For The Telegraph, Nick Timothy makes the case for a new economic model that can address the failures of globalisation and dependency on service industries.
Britain is over-exposed and under-prepared for the new world. Many of the theories, assumptions and policies that underpin our economy are bankrupt. Writing for the IMF recently, Sir Angus Deaton, professor of economics at Princeton, reassessed his own beliefs. Business has too much power over workers, he said, free trade had damaged the Western working and middle classes, and immigration does more harm than good.
Few of Sir Angus’s colleagues would be so honest, but we should not stop there. Classical economic theory holds that it does not matter who owns what, nor what is made where. Comparative advantage means countries do what they are good at, and buy what other countries provide. Thus, trade makes us all richer. But this is not the case. First, governments get in the way. Countries like Russia and Iraq – controlled by Iran – can sell us hydrocarbons, but we should not fund our enemies. China was good at manufacturing protective equipment, but blocked its export when Covid first struck. The European Union sought to confiscate vaccines bought by Britain.
Neither does comparative advantage make everyone better off. If Britain only does the things it is best at – like financial services – and stops doing the things it does less well, the people and places reliant on those abandoned industries suffer. We end up, as economic geography shows us now, with one prosperous but overcrowded corner of the country, with the remainder reliant on fiscal transfers to sustain an acceptable quality of life.

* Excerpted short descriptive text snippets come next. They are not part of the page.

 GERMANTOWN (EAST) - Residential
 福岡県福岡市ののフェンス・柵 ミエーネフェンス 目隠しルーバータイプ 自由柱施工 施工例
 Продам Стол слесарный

For The Times, David Smith defends the furlough scheme’s success in protecting jobs, being put together at speed, and providing value for money.
Four years ago, we should remember, Britain was facing an unemployment catastrophe. As the economy was about to fall off a cliff, suffering a record 20 per cent slump in gross domestic product in the second quarter of 2020, credible forecasts suggested a rise in the unemployment rate to 10 per cent, 12 per cent or 14 per cent as companies had no option but to lay people off. We could have had an unemployment level of four million, which has never happened before.

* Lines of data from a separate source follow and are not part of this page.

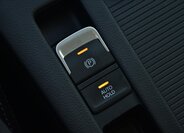 Volkswagen Passat Kombi 1,6 l 88 kw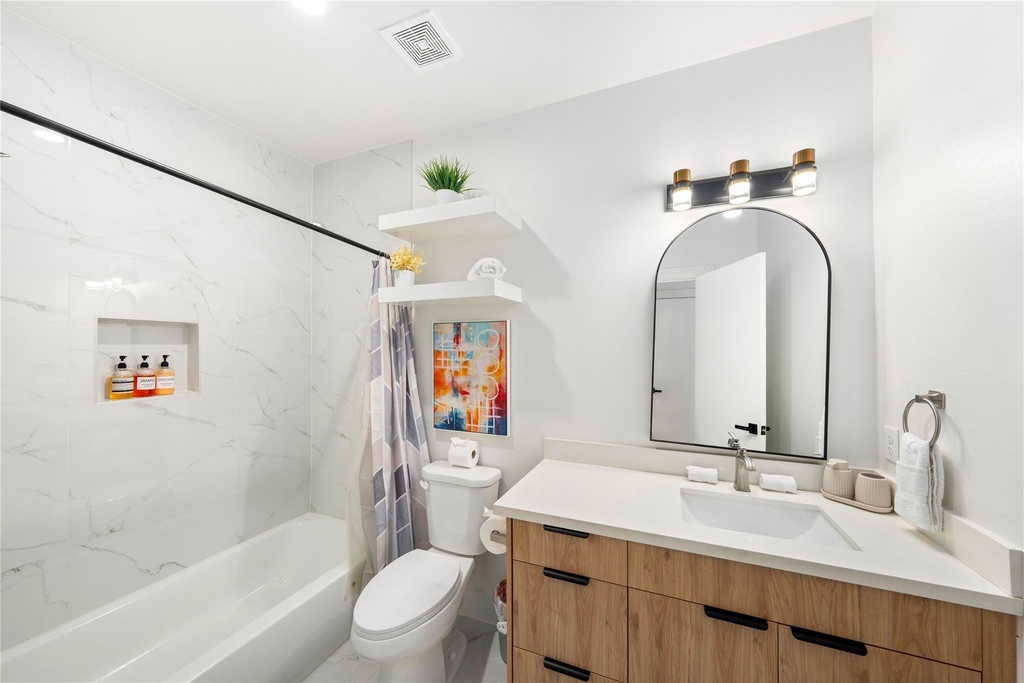 3008 Delano Street - Photo 18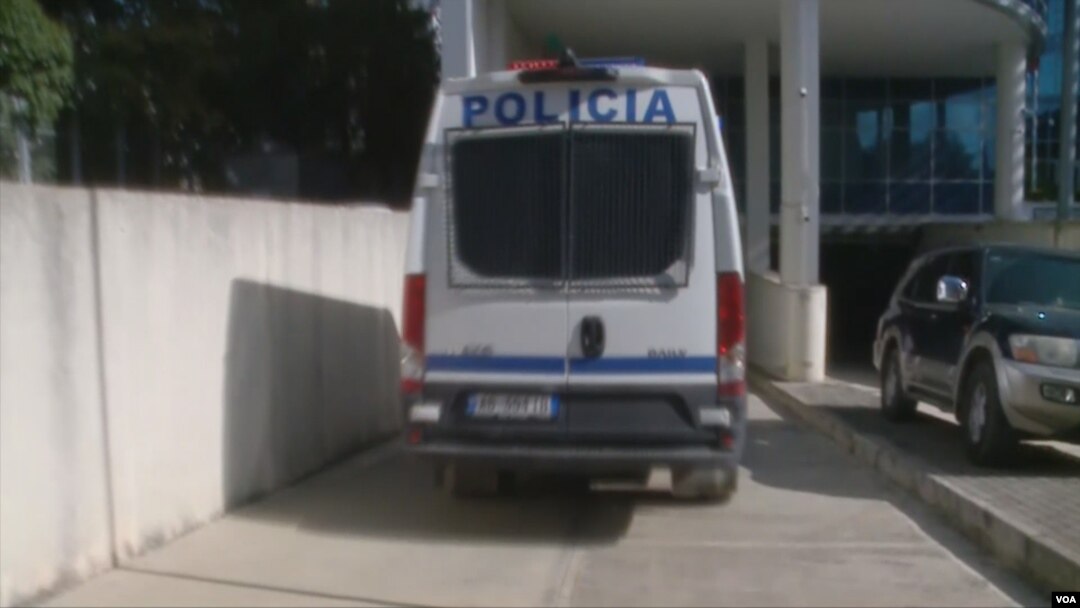Automjeti i policisë që shoqëron Jamarabër Malltezin në gjykatë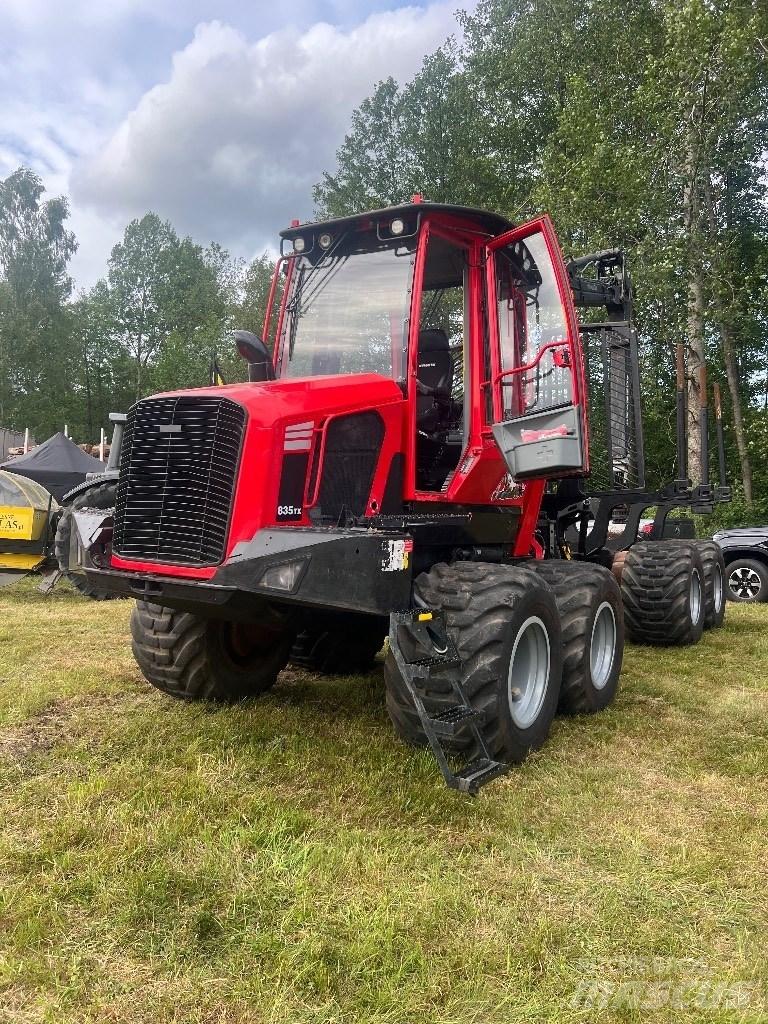 Komatsu 835 Naudoti miškovežiai (Forvarderiai)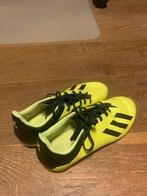 Adidas zaalvoetbalschoenen, Ophalen of Verzenden, Zo goed als nieuw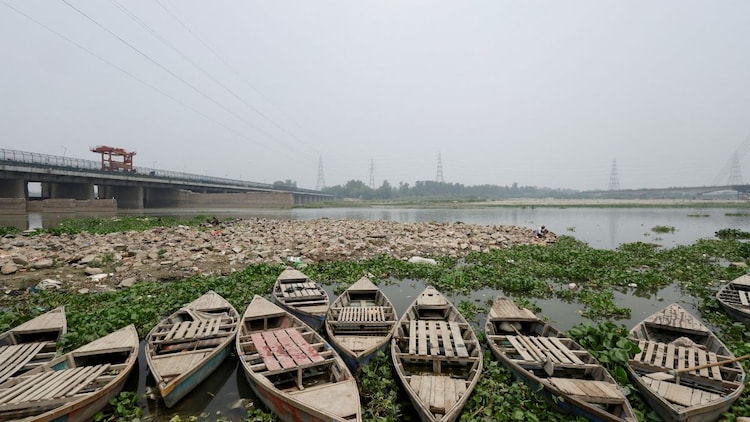 Delhi's Safdarjung Observatory recorded a maximum of 28.2 degrees Celsius on April 9, 2026, well below the seasonal normal of around 36 degrees Celsius. (Photo: PTI)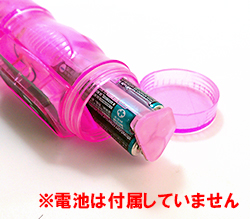 別売りの単4ｘ3をセットします。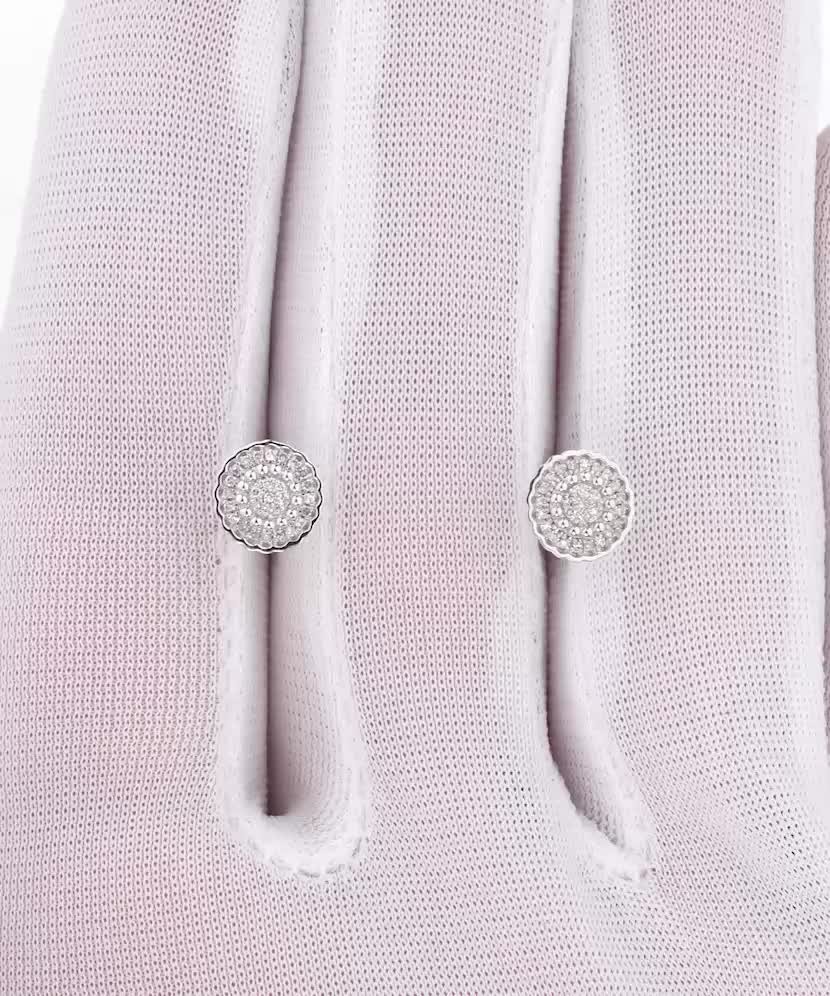 White Gold earrings with diamonds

The furlough scheme kept unemployment down better than anybody could have hoped. A detailed official assessment by the Treasury and HM Revenue & Customs, published in July last year (a year after Sunak left the Treasury) showed that the scheme had been used by 1.3 million employers and had covered 11.7 million “employments”, or jobs. Without it, according to the evaluation, four million workers would no longer have been in work and a fifth of firms that used it, about a quarter of a million, would have been gone bust. GDP would have been materially lower in 2021 than it turned out to be.
Although the gross cost of the scheme, at £70 billion, was high, the net cost to the public finances was much smaller, at £25 billion, in part because furloughed workers paid tax. There was some fraud, as with other Covid schemes, but this was small in relation to the cost.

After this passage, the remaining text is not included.